Showing posts with label education. Show all posts
Showing posts with label education. Show all posts

Thursday, September 11, 2008

Score 1 for the University

Equal to my calling to point boldly to areas of lacking in my scholastic experience is the imperative to tip my hat when actual learning is taking place. Such is my experience so far in Advocacy in Communications Class this semester. Real reading, real research assignments, real interactive discussions. Although my return to academia is still new, I cannot help but wonder at the reasons for the difference. Could it be that this class being advanced for graduate students in pursuit of a Masters is the difference? It is a 500-level course. But if this is the actual learning and intelligence level that I hoped for—and I am still and undergrad—is there an unspoken comment in there reflective of the quality of undergraduate education? Have we seen standards slip so that we are churning out “basic” college graduates as if they are High School diplomas and therefore the “Masters” is the “New Bachelors,” and perhaps the High School is the new Middle School?
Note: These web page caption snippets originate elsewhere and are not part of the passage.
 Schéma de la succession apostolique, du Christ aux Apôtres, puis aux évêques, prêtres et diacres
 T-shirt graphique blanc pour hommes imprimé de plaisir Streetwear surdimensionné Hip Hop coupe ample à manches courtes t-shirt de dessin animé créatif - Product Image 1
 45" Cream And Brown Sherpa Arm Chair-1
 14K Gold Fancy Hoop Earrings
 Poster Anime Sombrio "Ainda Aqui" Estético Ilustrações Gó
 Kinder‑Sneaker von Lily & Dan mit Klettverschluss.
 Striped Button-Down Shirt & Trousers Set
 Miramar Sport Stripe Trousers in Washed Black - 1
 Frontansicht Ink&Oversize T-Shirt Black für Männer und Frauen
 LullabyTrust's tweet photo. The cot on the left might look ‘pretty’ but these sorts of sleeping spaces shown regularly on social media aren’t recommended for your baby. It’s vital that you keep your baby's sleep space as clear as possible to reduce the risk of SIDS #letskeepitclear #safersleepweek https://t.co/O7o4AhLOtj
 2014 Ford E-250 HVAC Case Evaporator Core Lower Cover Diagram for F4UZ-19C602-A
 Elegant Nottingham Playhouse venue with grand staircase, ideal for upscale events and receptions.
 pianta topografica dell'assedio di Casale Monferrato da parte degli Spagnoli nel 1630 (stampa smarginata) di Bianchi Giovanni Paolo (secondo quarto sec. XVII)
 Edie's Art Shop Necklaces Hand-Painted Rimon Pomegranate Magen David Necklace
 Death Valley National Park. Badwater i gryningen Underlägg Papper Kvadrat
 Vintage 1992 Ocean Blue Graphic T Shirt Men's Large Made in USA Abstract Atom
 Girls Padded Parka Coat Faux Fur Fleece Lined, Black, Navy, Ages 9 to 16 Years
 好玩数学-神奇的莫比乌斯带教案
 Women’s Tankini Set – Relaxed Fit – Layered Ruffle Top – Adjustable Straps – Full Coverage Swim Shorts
I will let that question stand unanswered for now as I enjoy my semester in the trenches. I do not want to sound egotistical, but how refreshing that someone else besides me quoted Aristotle in class!

I do need to gripe a bit about tuition escalation. I took one 3-unit course last semester at a cost of about $770. This semester, my one, 3-unit course is going to cost over $1250—a 65% increase in three months time. This raises the estimated cost of completing this degree from about $22k to $38k, +/-. When Shakespeare said to, “Empty your purse into your head and no one can steal it from you.” I do not think that he meant the “purse-emptying” quite so literally.

Be well.

Monday, April 21, 2008

Academic Apartheid

Day 12
We spent the first half of class today watching the first part of a television documentary on the Truth and Reconciliation Commission (RCC) in post-Apartheid South Africa. Remarkable how Bishop Desmond Tutu officiated that noble public discussion and testimony—helping guide that country away from devolution into anarchy and additional bloodshed and into a more-free, equal, and open society. Thus, Apartheid rests upon the ash-heap of history with sister evils: Communism, Fascism, and slavery, among others (though pockets of Communistic thought and slavery exist to this day).


I take nothing away from the historic nature of those events or the tragic impact upon the individual lives and collective soul of South Africa when I ask, “Why are we watching this video here and now, in this class?”

If this topic is to be the framework for our study of Advanced Argumentation, why are we not exploring the nature and quality of the arguments that facilitated the philosophical surrender of the South African regime? Why do we not hear Desmond Tutu’s speeches that were of such quality as to prevent revenge-seeking and retaliation by the repressed and disaffected black population? Why do we not hear the arguments made before the United Nations that caused the governments of the world to lean the weight of economic sanctions against the few, struggling, and increasingly isolated supremacists leading the South African Nationalist Party?

Instead, we only see the suffering and hear the stories of the oppressed in emotional appeal. These are worthy stories, indeed. They are worth telling together with the tales of the Holocaust, Gulag survivors, and other heroes and martyrs for humanity. But this class is to teach us the intellectual weapons wielded in such struggles and the student might be better served with less history lesson and reflected guilt—and a bit more effective argument and persuasion technique. This is an opportunity lost to learning the lesson at hand. Progress toward the focused education course implied by my degree track sits in the back of the bus behind dogma and indoctrination.